The findings demonstrate that global patterns in thermal tolerance arise from a combination of adaptation to present-day climatic extremes, evolutionary constraints consistent with physiological boundaries, and, to a lesser extent, deep-time climate legacies. The superior fit of OU models and slower tempo of heat-limit evolution indicate selection towards attractor values or boundaries for upper tolerance, likely reflecting biophysical constraints (e.g., oxygen limitation, macromolecular stability) that limit further increases in heat tolerance. Conversely, cold limits show greater evolutionary lability, particularly in endotherms, consistent with more evolvable mechanisms (e.g., changes in insulation, body size) and greater environmental variability in minimum temperatures. The deep-time legacy signal in ectotherm cold tolerance suggests that ancestral climate at clade origin still influences present-day physiological limits, while the lack of such a signal for heat limits implies that upper boundaries are set by conserved physiological constraints rather than ancestral climates. The strong role of current temperatures supports niche tracking and contemporary adaptation shaping present-day limits, especially in ectotherms and plants. However, low explanatory power in endotherms reflects different determinants of TNZ edges compared with critical/lethal limits in other taxa. Together, these results address the research question by quantifying the relative contributions of hypothesized mechanisms and highlighting limited scope for evolutionary rescue via increases in upper thermal limits under rapid warming. This has broad relevance for forecasting biodiversity vulnerability, particularly for tropical ectotherms with narrow thermal safety margins.

This study synthesizes a global, multi-taxon dataset to show that species’ thermal tolerance limits are primarily shaped by current climatic extremes, constrained by evolutionary attractors consistent with physiological boundaries (particularly for heat tolerance), and modestly influenced by deep-time climate legacies in ectotherm cold tolerance. Lower thermal limits evolve faster than upper limits across taxa, and OU dynamics dominate over Brownian motion, indicating stabilizing selection or attraction towards optima/boundaries. Given the historically slow evolution and constrained nature of upper thermal limits, most species are unlikely to adapt rapidly enough to escalating heat under climate change. Future research should: (i) expand taxonomic and geographic coverage (especially aquatic taxa and underrepresented clades); (ii) refine mechanistic links between cellular/biophysical constraints and macroevolutionary attractors; (iii) integrate intraspecific variation and plasticity with macroevolutionary patterns; and (iv) couple physiological evolution with demographic and range-shift models to improve risk assessments under future warming scenarios.

• Sampling limitations: The dataset, while large, is an incomplete sample of the tree of life and is uneven across realms and taxa (fewer aquatic taxa), which may bias estimates and reduce power for some groups.
• Metric heterogeneity: Different thermal tolerance metrics (lethal, critical limits; TNZ edges) were combined, and these traits differ in their physiological meaning and determinants, especially for endotherms versus ectotherms/plants.
• Phylogenetic and model assumptions: OU support can reflect both stabilizing selection and niche conservatism; inferring specific evolutionary processes from model fit requires caution.

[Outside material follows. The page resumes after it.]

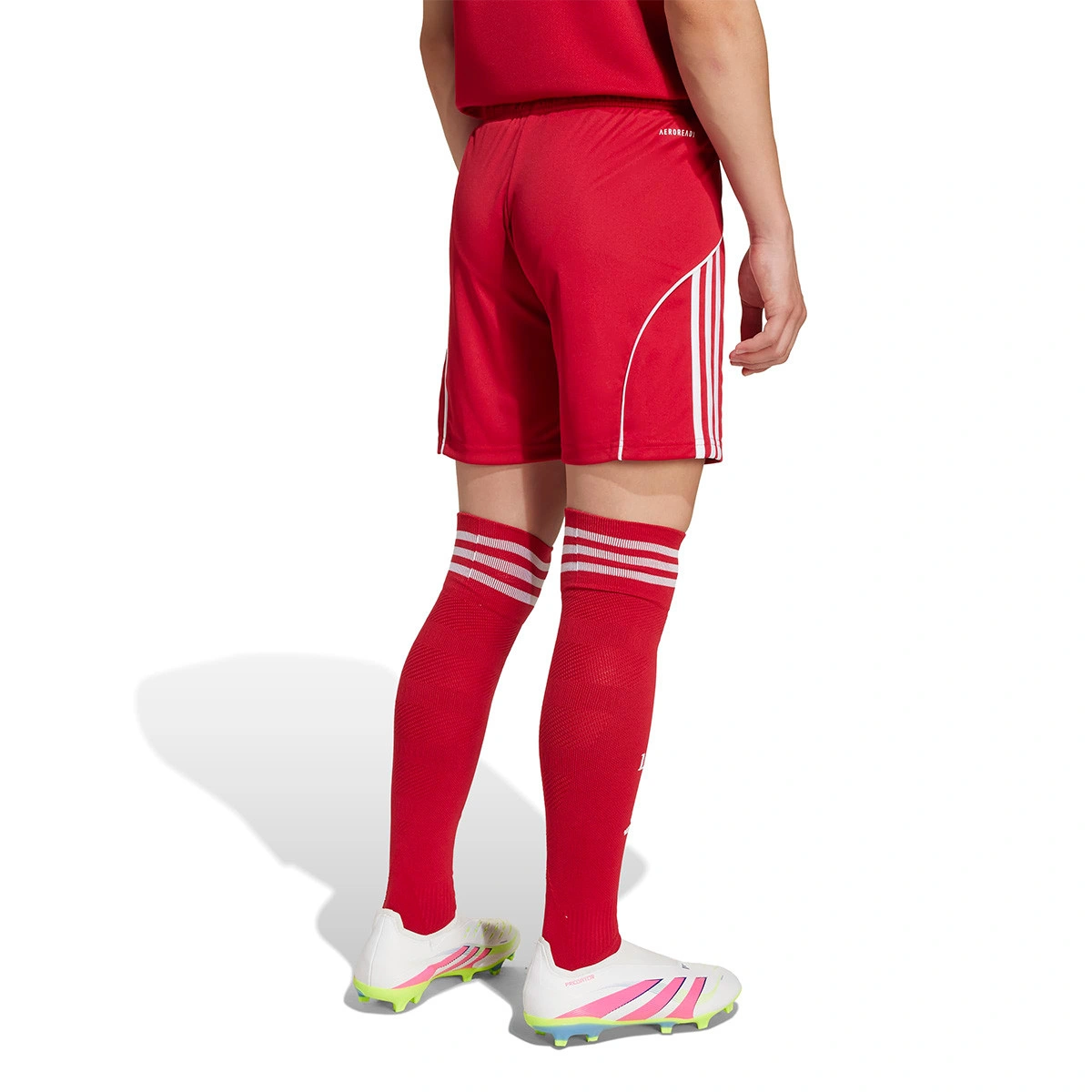 Calções adidas Liverpool FC Primeiro Equipamento 2025-2026 Criança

Phylogenetic trees and divergence time estimates introduce uncertainty.
• Proxy-based inference: Deep-time legacy was assessed using order-level palaeoclimate categories and origination ages as proxies, which may obscure finer-scale evolutionary dynamics.
• Environmental predictors: Contemporary temperature layers are broad-scale proxies and may not capture microclimatic conditions or behavioral buffering effects experienced by organisms.